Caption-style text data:
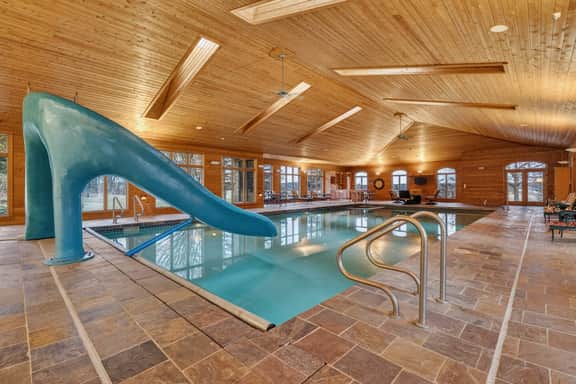 GrandBadgerResort - Indoor Pool/Golf Sim/Sleeps 30 - Image 2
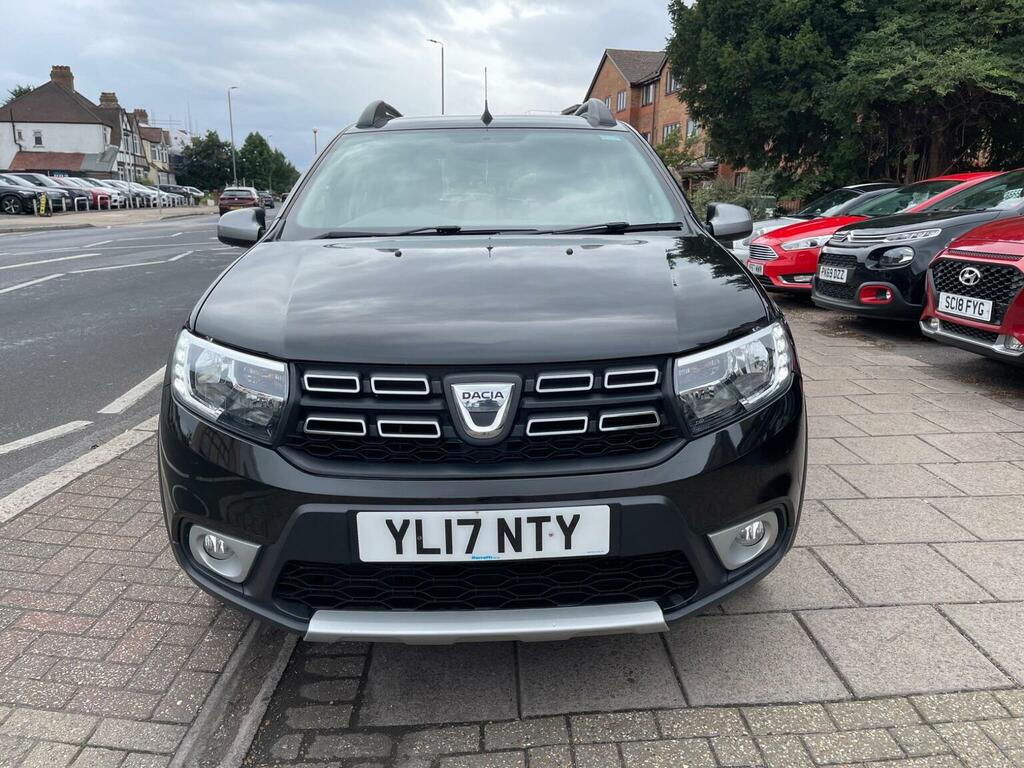Dacia Sandero Stepway 0.9 Tce Laureate Euro 6 Ss Black #6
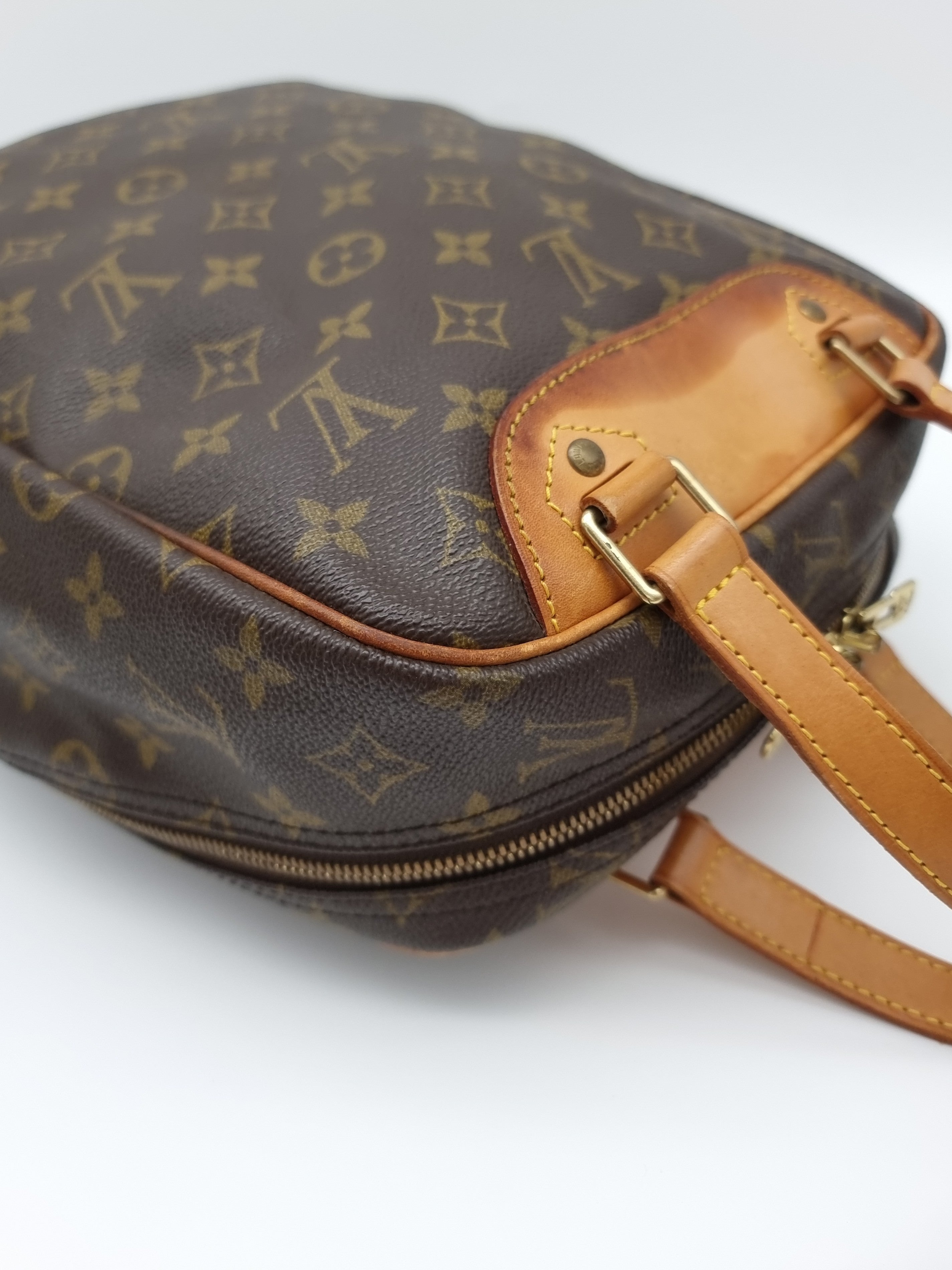Louis Vuitton Excursion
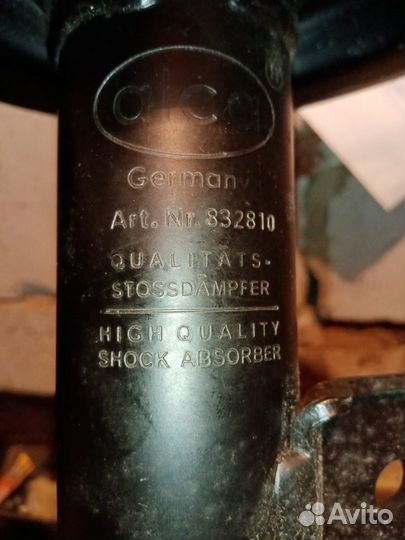 Rav-4 2006-2012г Амортизатор передний правый новый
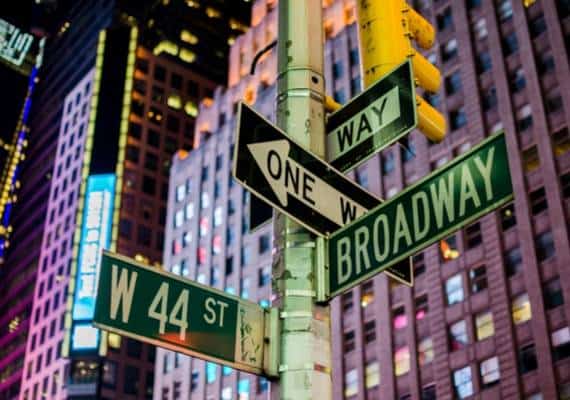 "זו פשוט הייתה ערימה גדולה": מי הופך את תיאטראות ברודווי לחדר שירותים?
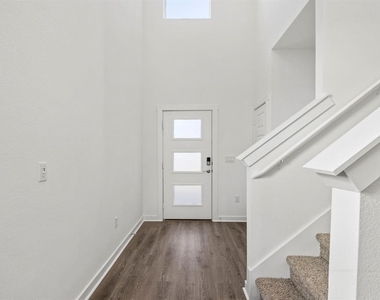7911 Linda Michelle Ln - Photo Thumbnail 8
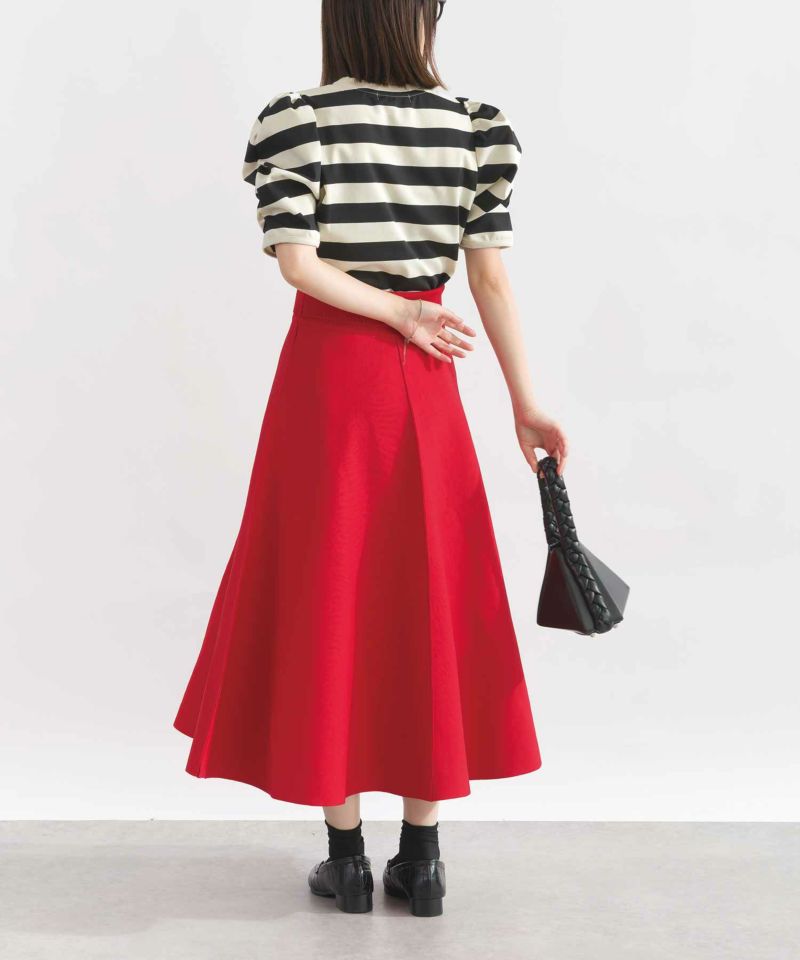 model：H162　着用サイズ：M　レッド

Your goal: After removing each picture, print the entries above exactly as they were.

Written solution:
 GrandBadgerResort - Indoor Pool/Golf Sim/Sleeps 30 - Image 2
Dacia Sandero Stepway 0.9 Tce Laureate Euro 6 Ss Black #6
Louis Vuitton Excursion
 Rav-4 2006-2012г Амортизатор передний правый новый
 "זו פשוט הייתה ערימה גדולה": מי הופך את תיאטראות ברודווי לחדר שירותים?
7911 Linda Michelle Ln - Photo Thumbnail 8
 model：H162　着用サイズ：M　レッド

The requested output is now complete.